Yesterday at the African Summit at the University of Nottingham the conversation largely revolved around poverty reduction, development aid, education and entrepreneurship. There seemed to be a consensus that aid is problematic and that Africa should and must start to seriously rethink aid. There were concerns about both access and quality of education and then there was this huge enthusiasm about entrepreneurship, mentorship etc. And the now famous “bottom-up” story. By the way who is the “creator and owner” of bottom-up? What does it even mean? It is a concept so fashionable and certainly romantic but which is, in my view, empty and certainly a creation of the West (as usual). My first time to encounter bottom-up was when we had debate on transitional justice (TJ) in Kenya following the 2007-8 election violence. The largely “NGOnised” concept of bottom-up saw concerted efforts towards so called community involvement, community-led processes etc. In 2014 I attended the TJ forum in Speke Resort, Munyoyo, Kampala, Uganda and one could tell that the romanticization of the bottom-up had hit its all-time high. It looked and sounded nice for us to speak to us (yes us to us and our American funders) about bottom-up.
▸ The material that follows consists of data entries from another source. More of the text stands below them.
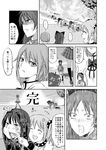  akemi_homura apple check_translation collar comic food fruit greyscale kaname_madoka mahou_shoujo_madoka_magica miki_sayaka monochrome multiple_girls orz pantyhose sakura_kyouko shippori tears translation_request 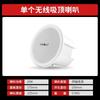 Sast/Xianke W1 Audio Inalámbrico de Techo Siete Zonas Altavoz de Pared Bluetooth Montado en Techo Altavoz de Techo Música de Fondo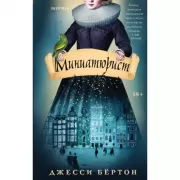 Миниатюрист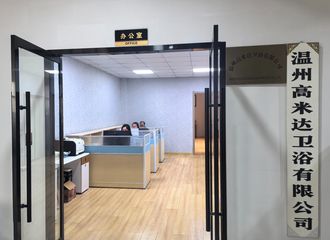 Factory facility photo 5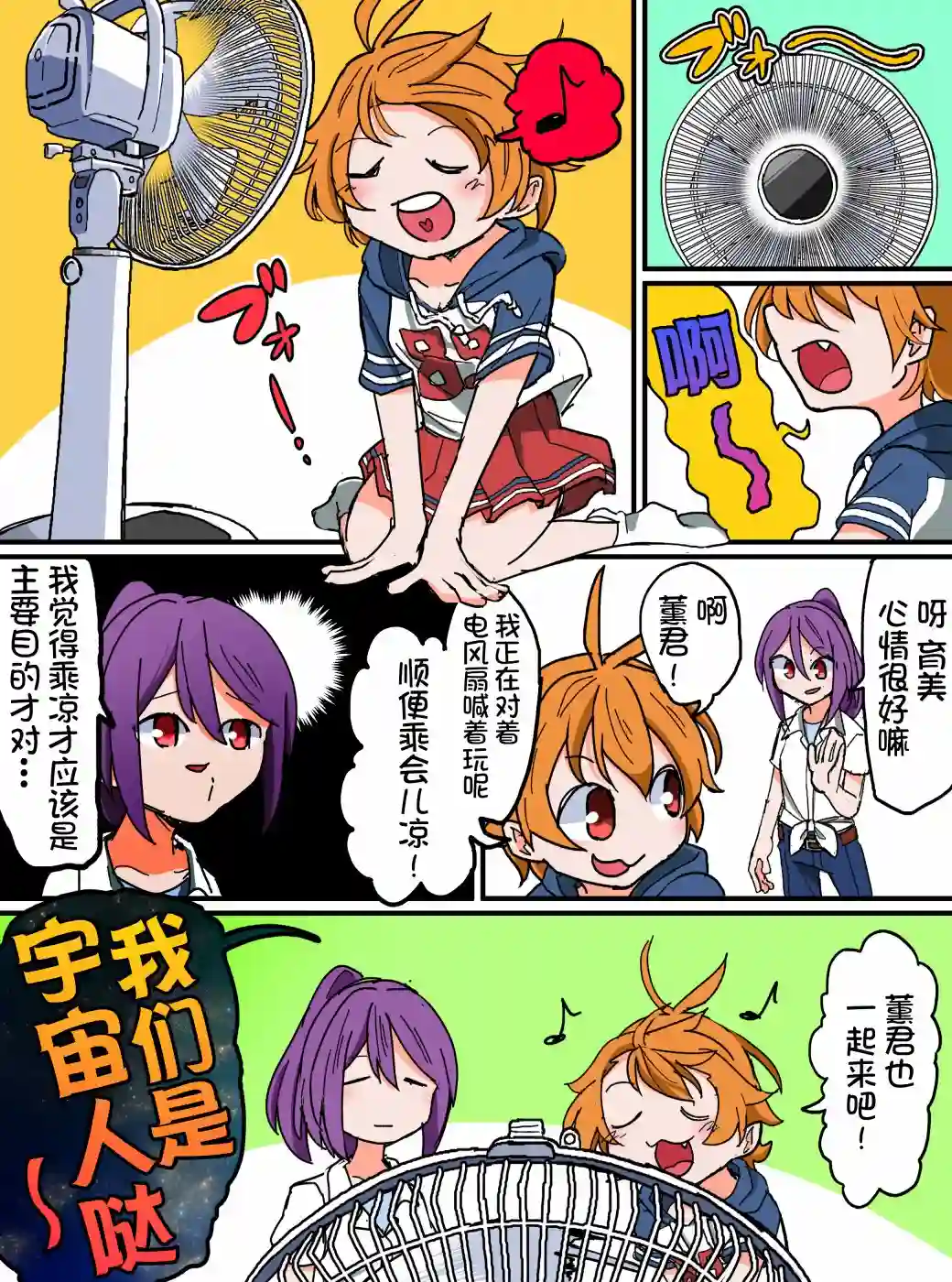 Bang Dream短篇同人漫画系列第114话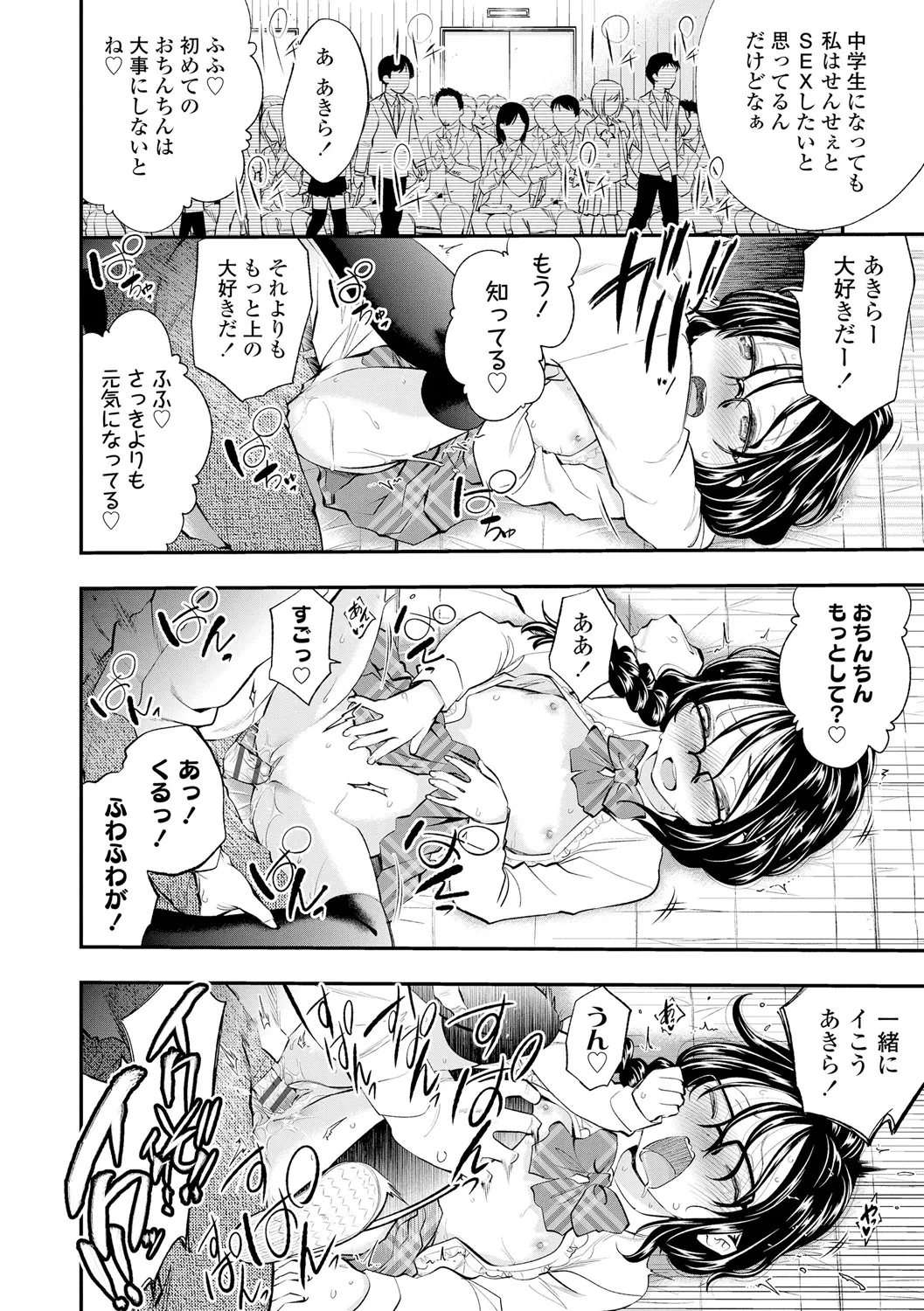 หน้า 174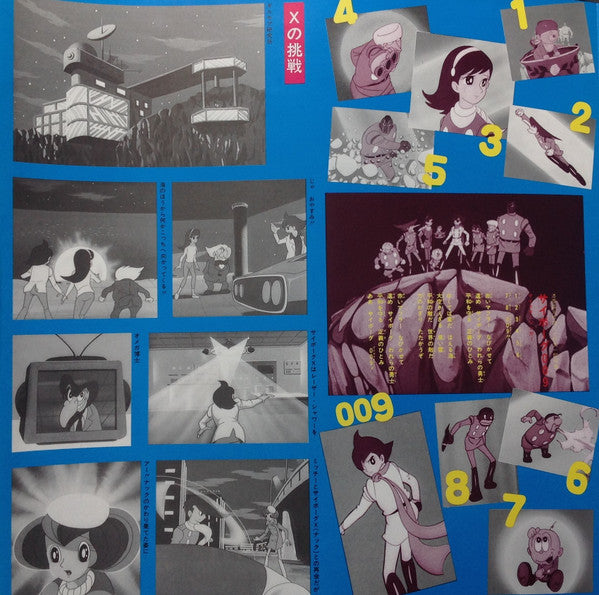 サイボーグ009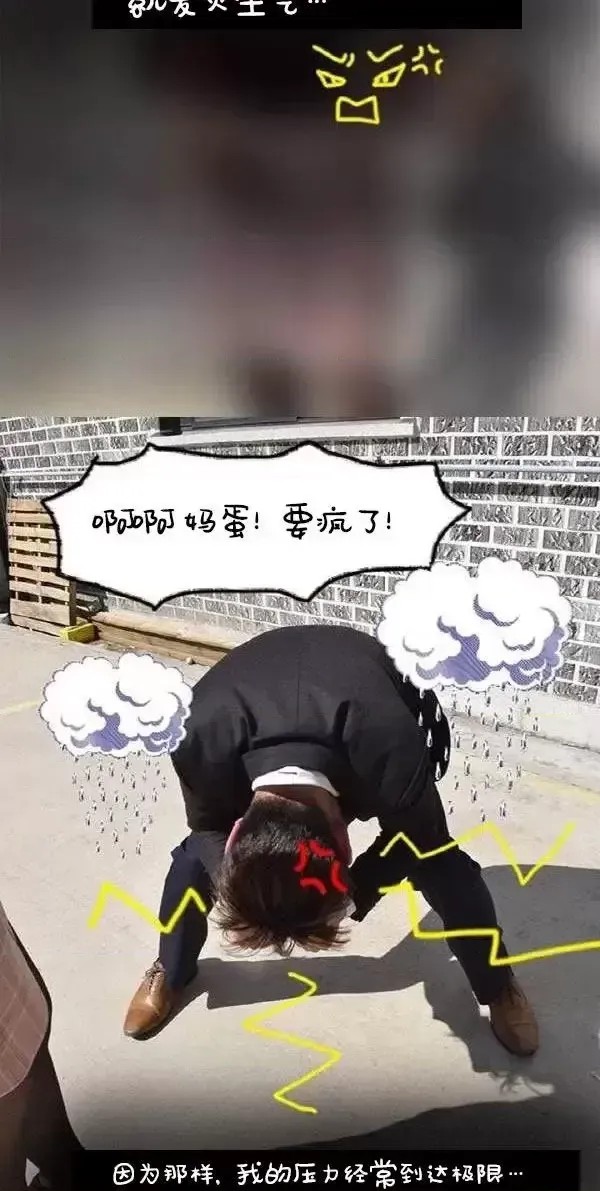 真实的恋爱故事（真人）-第1话  36/44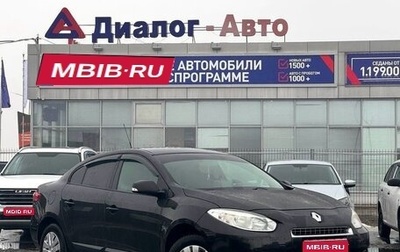 Renault Fluence I, 2011 год, 899 000 рублей, 1 фотография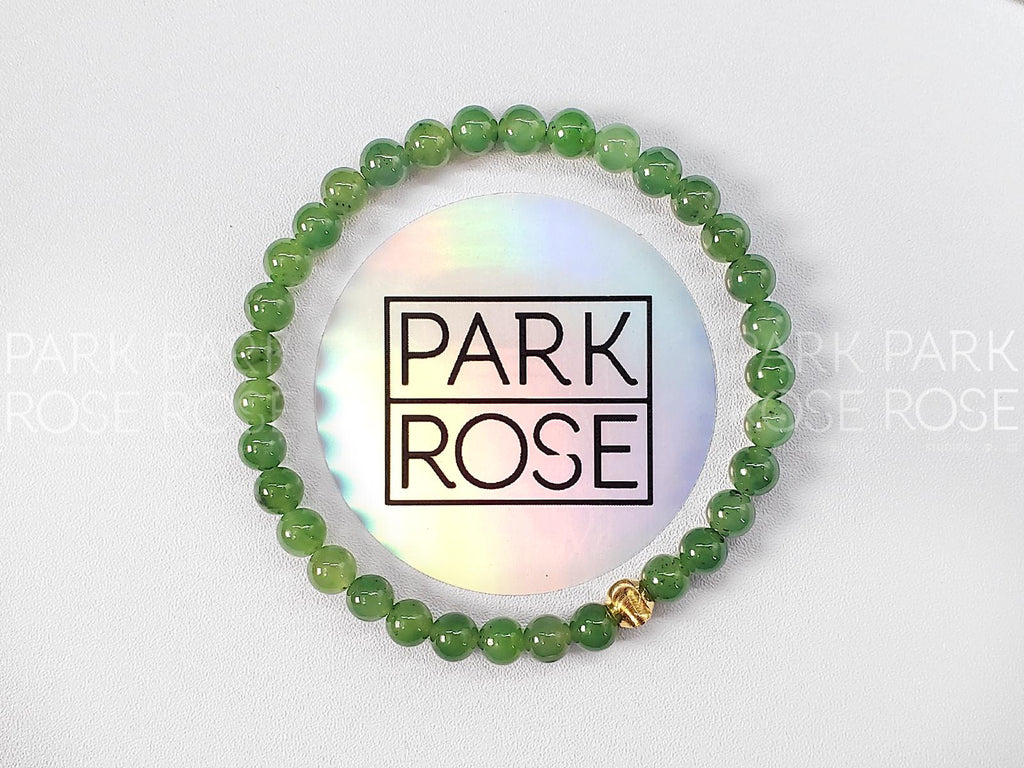 High Grade Nephrite Green Jade Bracelet: 24K Gold Cat Eye Bead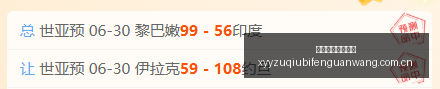 阿甲激战,客队触底反,终极指南在,雪缘园足球比分网,足球赛事平台,足球比赛比分,足球赛事数据,足球赛事信息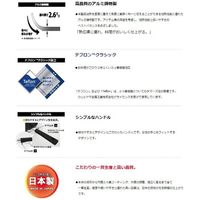 ウルシヤマ金属工業 杏 いため鍋 28cm 4971142200251 1個（直送品）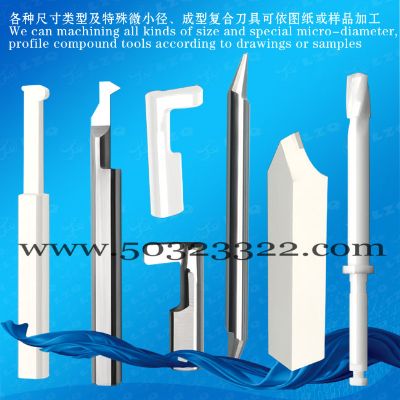 Ceramic boring tool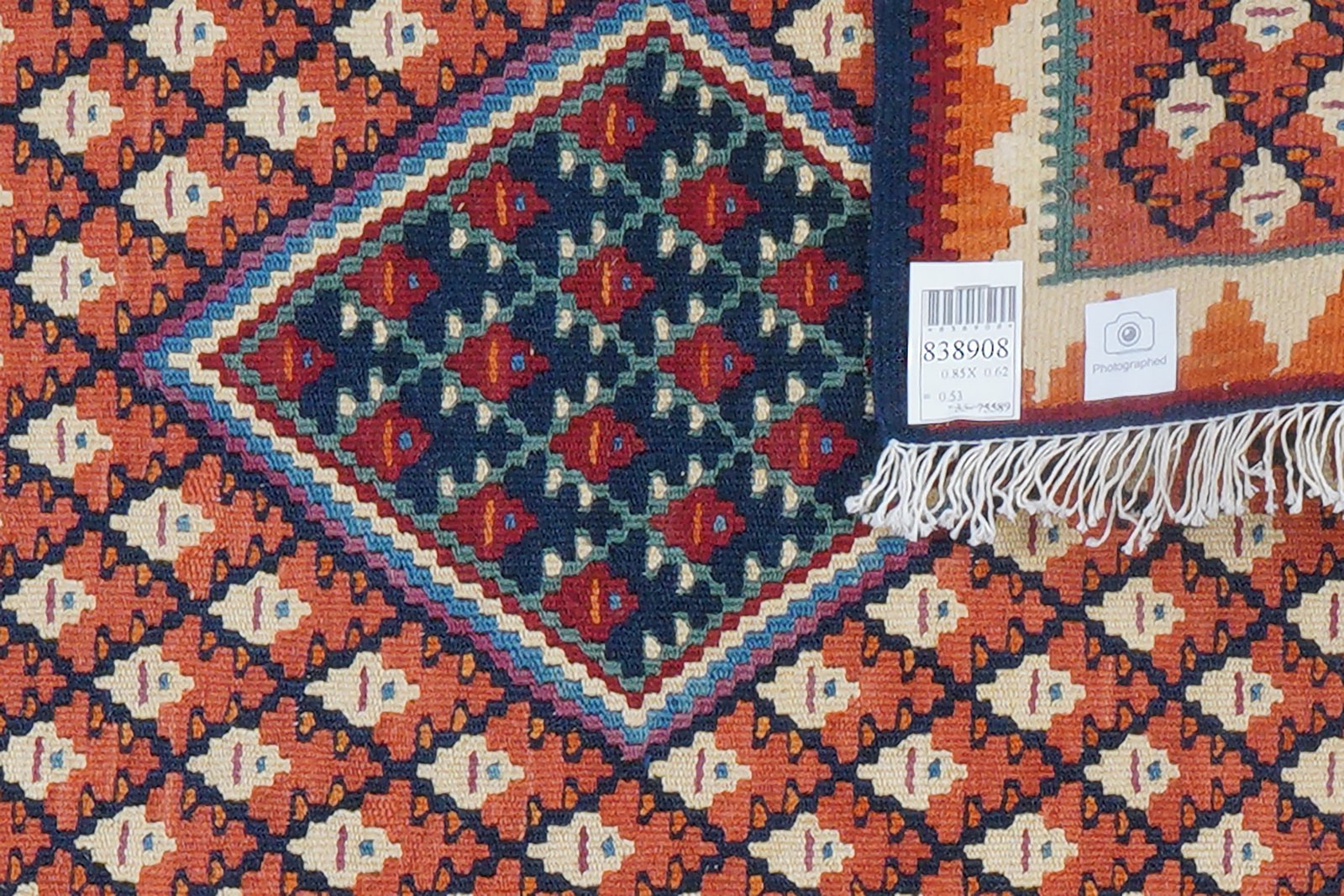 Kelim Senneh — Handmade, 62x85 cm, Red, 100% Virgin Wool | View 7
Having worked within NGO sector all this period there is no confusion in my mind that bottom-up is just simply a romantic thing and almost entirely a creation outside the bottom. It is not the bottom that created the bottom-up; it is us (the top) who decided the bottom needs the bottom-up. This is so terrifyingly true. Especially if it is about NGOs. Look. Western NGOs are too scared of anything even to be able to identify and reach the bottom, leave alone allowing the so called bottom to shape the agenda. It is until you work in an international NGO that you will know that actually it is “unsafe” for you to travel to your own home. Leave that aside. I voiced my concern over one thing. Folks, let’s be clear. Entrepreneurship and mentorship are other romanticised notions in Africa today. If you need to make money out of the “NGO enterprise” today, speak about stuff like youth mentorship, entrepreneurship, business and/or leadership incubation etc. It is fashion. Development aid works like fashion.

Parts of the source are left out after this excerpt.